While it is true that the opinions have not always been consistent, it is clear from an analysis of the cases that this jurisdiction long ago rejected the strict common law rule that a release of one tortfeasor releases all tortfeasors. The rule is well stated in Essington v. Parish (7th Cir. 1947), 164 F.2d 725:

"However conflicting the authorities may be in respect to the proper construction of the instruments here involved, we think the law is now settled in Illinois that the substance of the agreement is the controlling factor, and that the essential fact to be determined is `what was the intention of the parties.' Illinois looks to all the circumstances to determine whether or not the transaction was intended as, and was in substance, a settlement and satisfaction, or merely an agreement not to sue, and that, as was held in City of Chicago v. Babcock, supra, 143 Ill. 367, 32 N.E. 271, is a question of fact." 164 F.2d 725, 729.

There is nothing to indicate that at the time of the execution of the release it was contemplated, or even suggested, that there might be an action against Ford Motor Company. The briefs fail to suggest how it could have been intended to release a tortfeasor against whom no claim had been suggested or asserted. Furthermore, the document in question contains no all-inclusive language of the type frequently found in releases. It does not purport to release Rainwater, State Farm Insurance Company and "any and all other persons, firms or corporations who might in any manner be liable * * *." It releases only Rainwater, State Farm and "any person, firm or corporation liable in his stead * * *." This creates at least the possibility that the release was intended to include only those whose liability derived from Rainwater. There is an ambiguity sufficient to render the intent of the parties a question of fact.

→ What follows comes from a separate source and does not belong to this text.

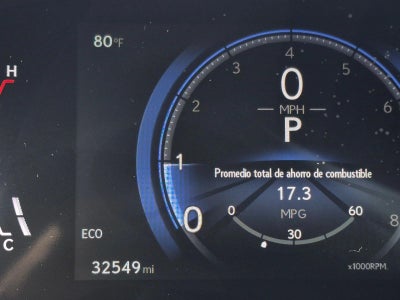 2023 Lexus RX 350 Luxury FWD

A second rule of law is applicable here. A release is a contract in which, for a consideration, a claimant releases a claim against a tortfeasor. There is nothing in the release which in any manner indicates that it was intended to benefit any other tortfeasor. A long-established rule in this jurisdiction is that a third-party beneficiary of a contract must show an intent on the part of the contracting parties that he be benefited thereby. (Altevogt v. Brinkoetter (1981), 85 Ill.2d 44.) The intent here indicated is to limit the benefits to the parties named: Rainwater, State Farm Insurance Company, and "any person, firm or corporation liable in his [Rainwater's] stead."

In my opinion the dismissal was error and the question of the intent of the parties was an issue to be determined by the trier of fact. The case should be remanded to the circuit court for further proceedings.

JUSTICE SIMON joins in this dissent.